What the exercise asks: A faithful copy of all the entries is required, with no pictures in it.

Excerpts from a dataset:
·····

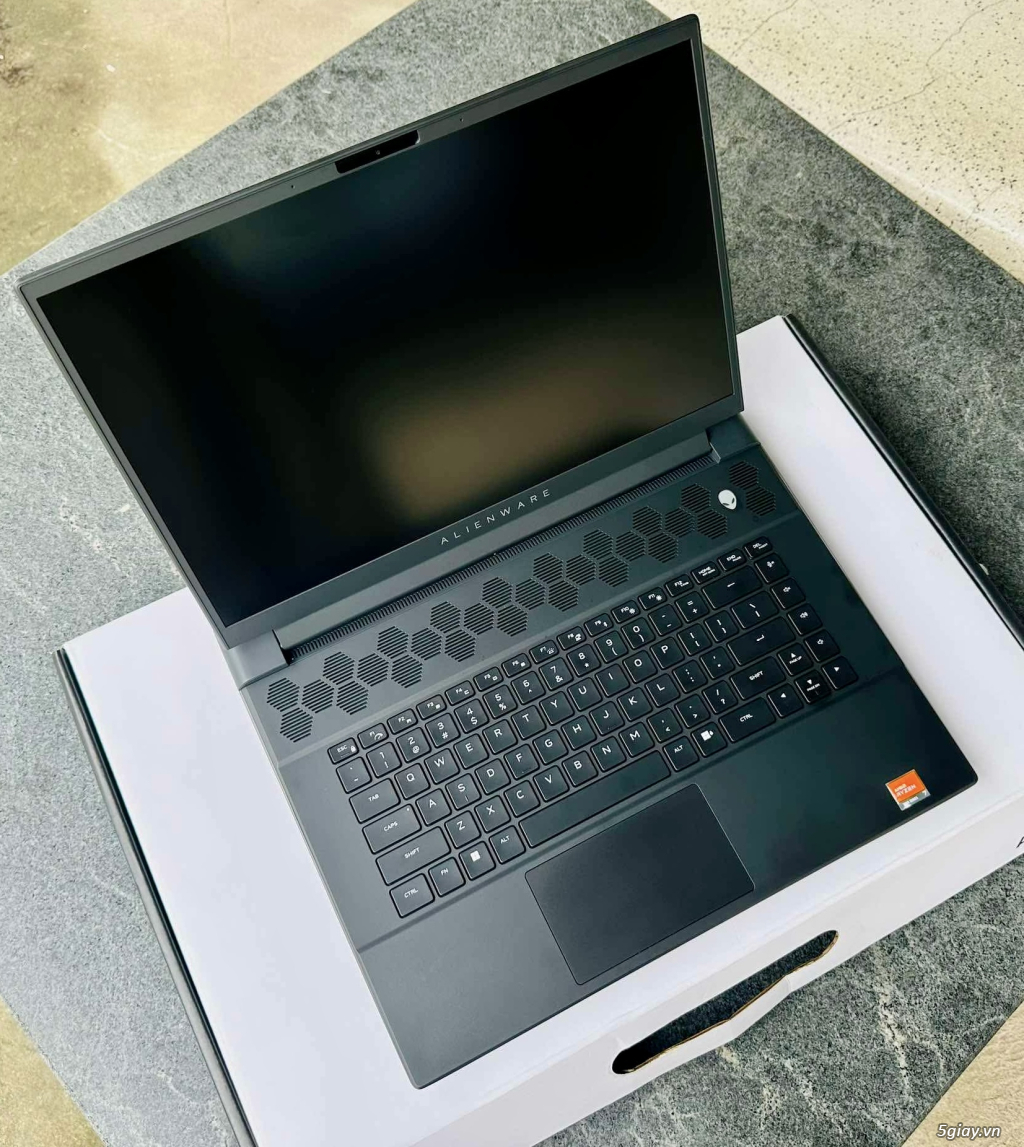 Alienware M16 R1 | AMD RTX 4060 - 1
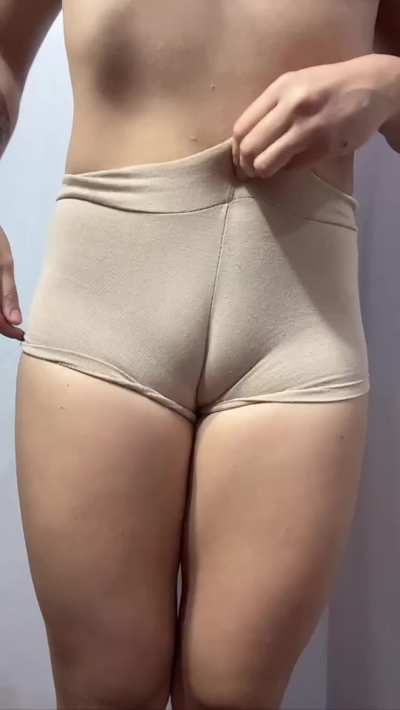 Camel toes make my pussy happy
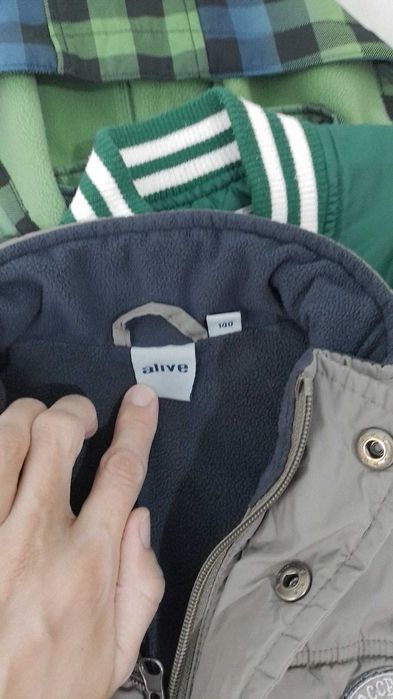 Безрукавка / жилет фирменный на 9-10 лет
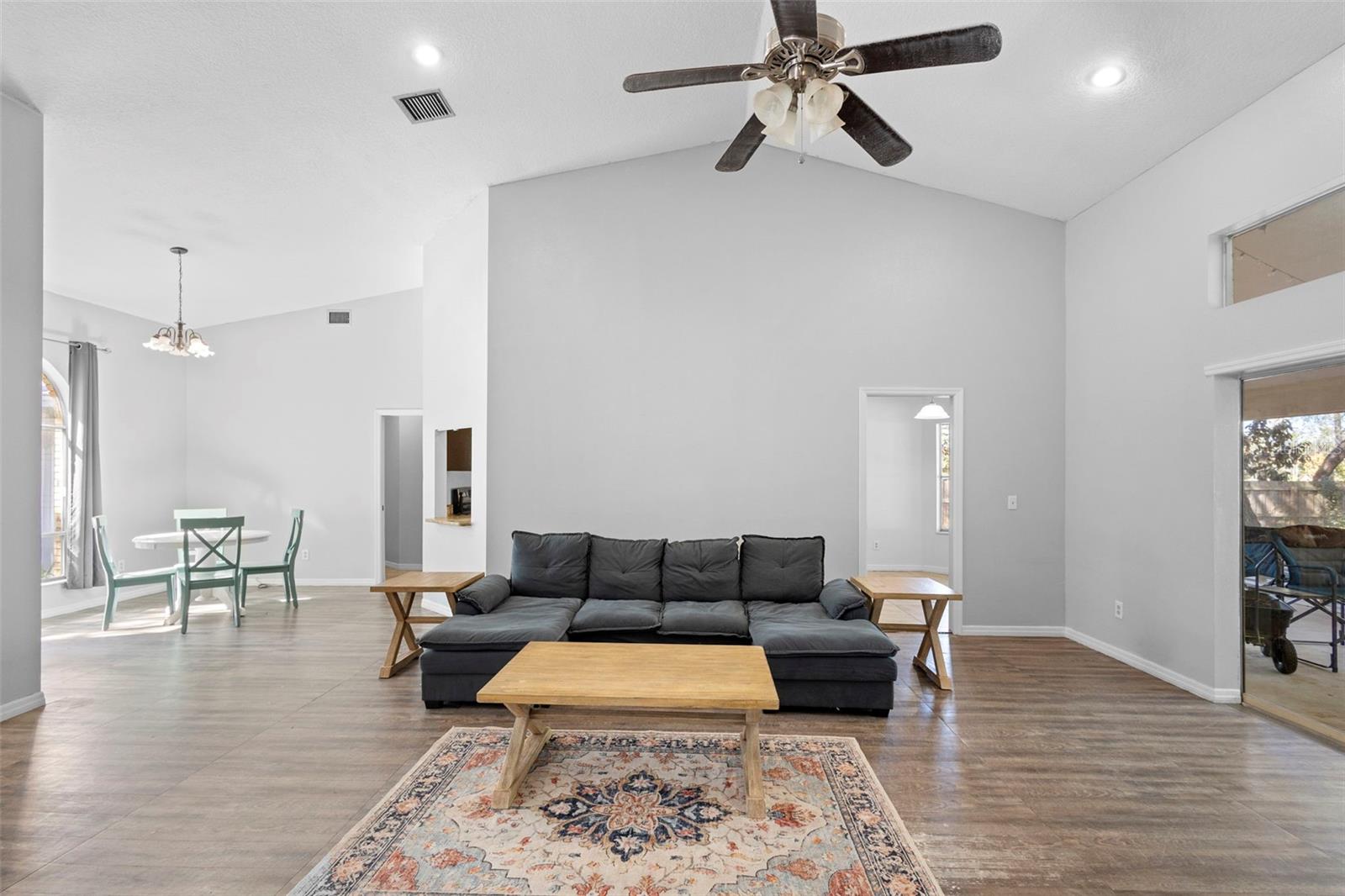 Image 9 of 47 For 1899 Bonkirk Drive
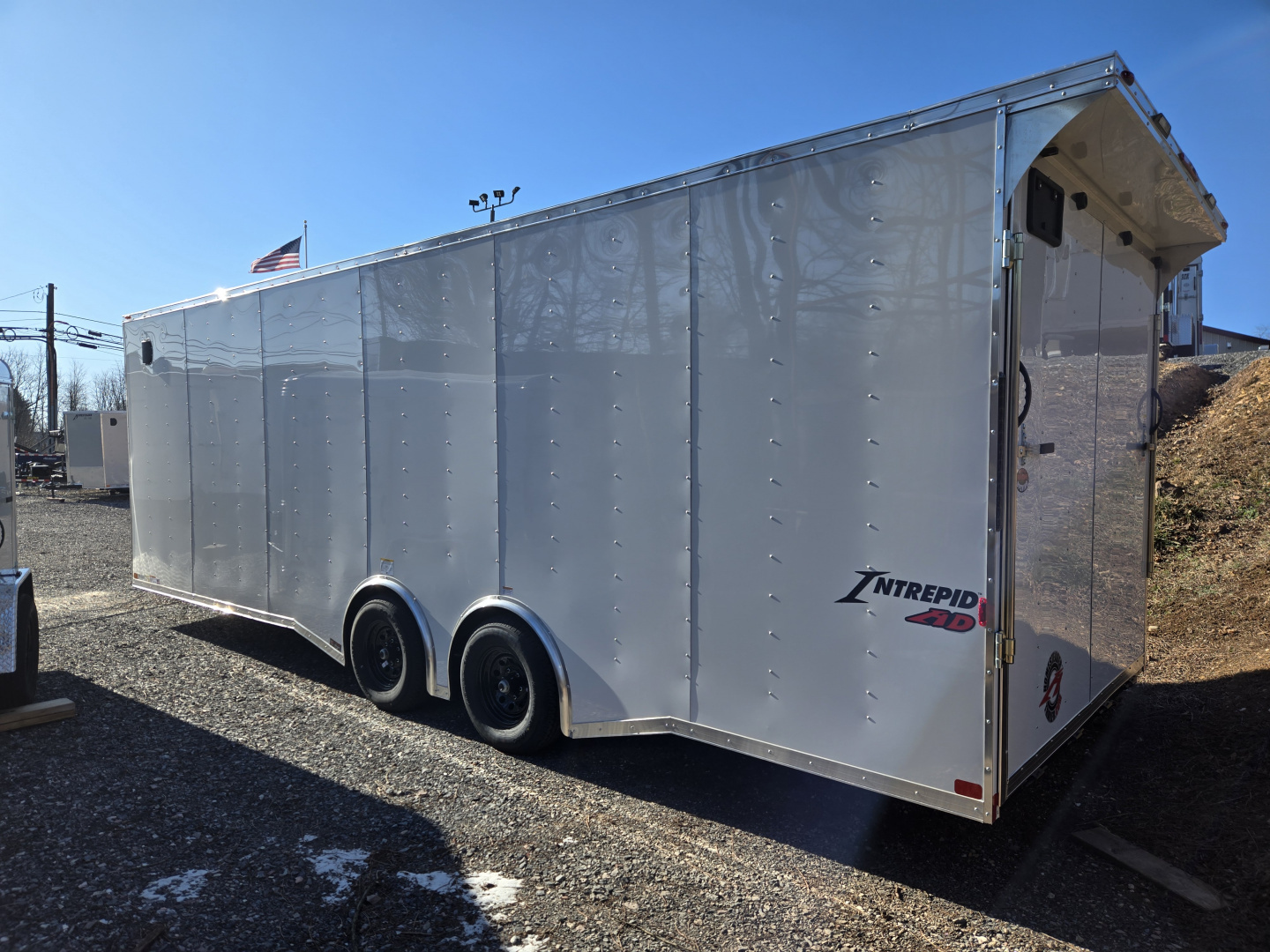 New 8.5 X 24 Homesteader Intrepid HD V-Nose Enclosed Cargo Trailer, 10k GVWR ****White w/.080 PolyCor Side Panels, Spread Axles, Rear Spoiler w/Lights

·····

Answer section:
 Alienware M16 R1 | AMD RTX 4060 - 1
 Camel toes make my pussy happy
 Безрукавка / жилет фирменный на 9-10 лет
 Image 9 of 47 For 1899 Bonkirk Drive
 New 8.5 X 24 Homesteader Intrepid HD V-Nose Enclosed Cargo Trailer, 10k GVWR ****White w/.080 PolyCor Side Panels, Spread Axles, Rear Spoiler w/Lights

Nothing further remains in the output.